A very effective measure for preventing leishmaniasis is protection from mosquito attacks. For this purpose, in the evening, immediately before sunset and throughout the night, it is advisable to use special mosquito-repellent substances - repellents, as well as a fine-mesh net.

Ukrainian citizens traveling outside the country may become infected with leishmaniasis when visiting neighboring countries during the active season of infection transmission (May - September): Azerbaijan (VL), Armenia (VL), Georgia (VL), South Kazakhstan (VL, ZKL), Kyrgyzstan (VL), Tajikistan (VL, ZKL), Turkmenistan (ZKL, VL), Uzbekistan (ZKL, VL). Crimea should also be considered endemic for visceral leishmaniasis, where isolated cases of visceral leishmaniasis have been registered in the past.

Among the countries of the far abroad, India poses the greatest danger in relation to kala-azar, where tens of thousands of cases of this disease are registered annually. Visceral leishmaniasis can most often be contracted in the countries of the Middle, Near East and the Mediterranean. Cutaneous leishmaniasis is dangerous for citizens traveling to the countries of the Middle, Near East and North Africa. In the countries of Central and South America, along with visceral, there are foci of cutaneous-mucous leishmaniasis.

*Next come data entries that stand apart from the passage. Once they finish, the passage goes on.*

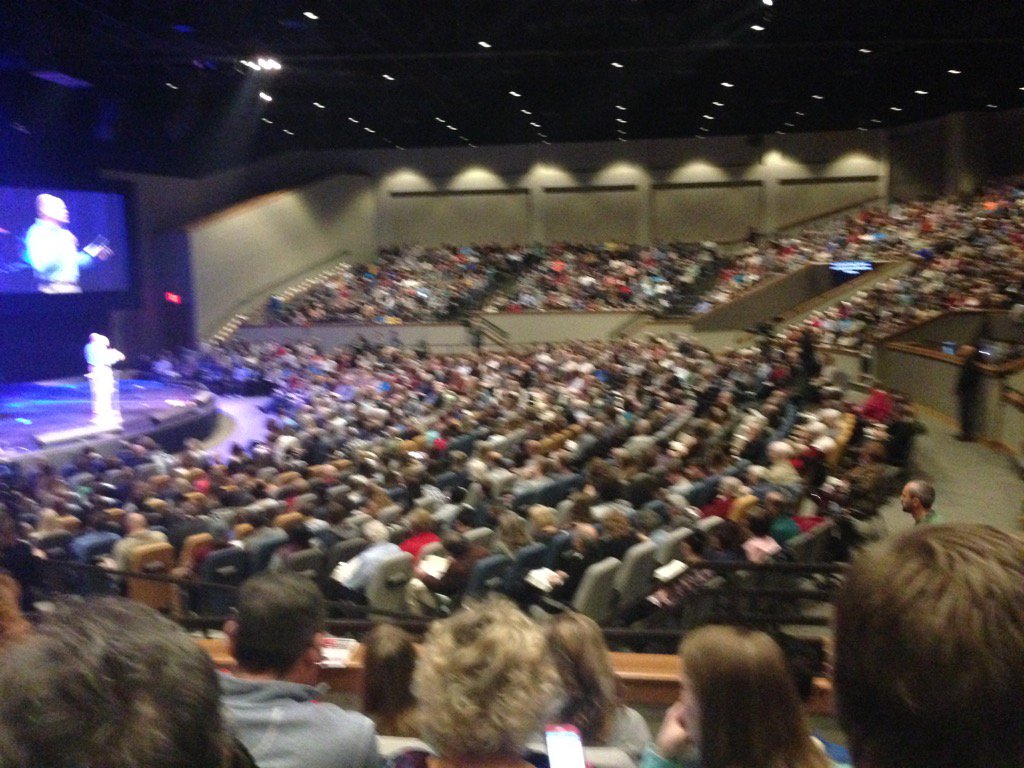 glassxc's tweet photo. First day in the new church! #bigmoveday https://t.co/1VVPJHvzQZ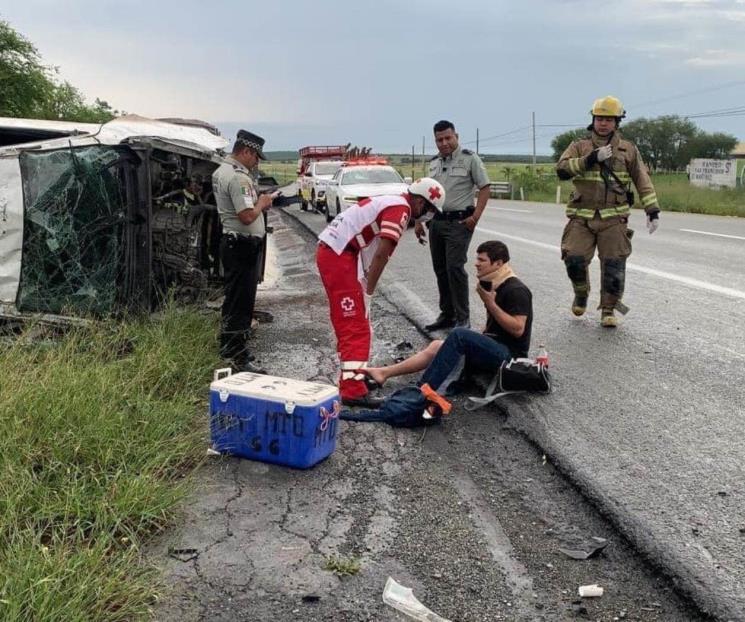 Sobrevive conductor tras volcadura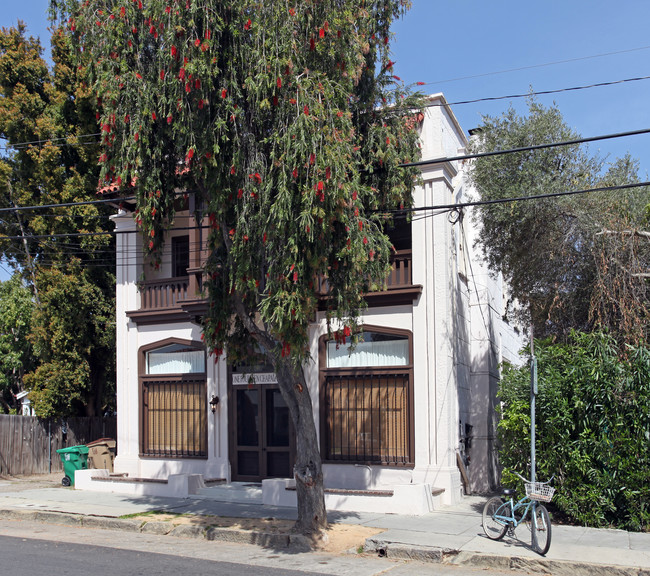 112-114 Chapala St in Santa Barbara, CA - Foto de edificio - Building Photo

The main preventive measure for citizens, even for a short time, traveling to the named regions, is protection from mosquito attacks. In addition, to prevent ZKL, vaccinations with a live culture and chemoprophylaxis with pyrimethamine can be recommended. It should be noted that vaccinations are contraindicated for children under 1 year old, patients with skin or chronic diseases (tuberculosis, diabetes, etc.) and people who have previously suffered from cutaneous leishmaniasis, and pyrimethamine is contraindicated in diseases of the hematopoietic organs, kidneys and pregnancy.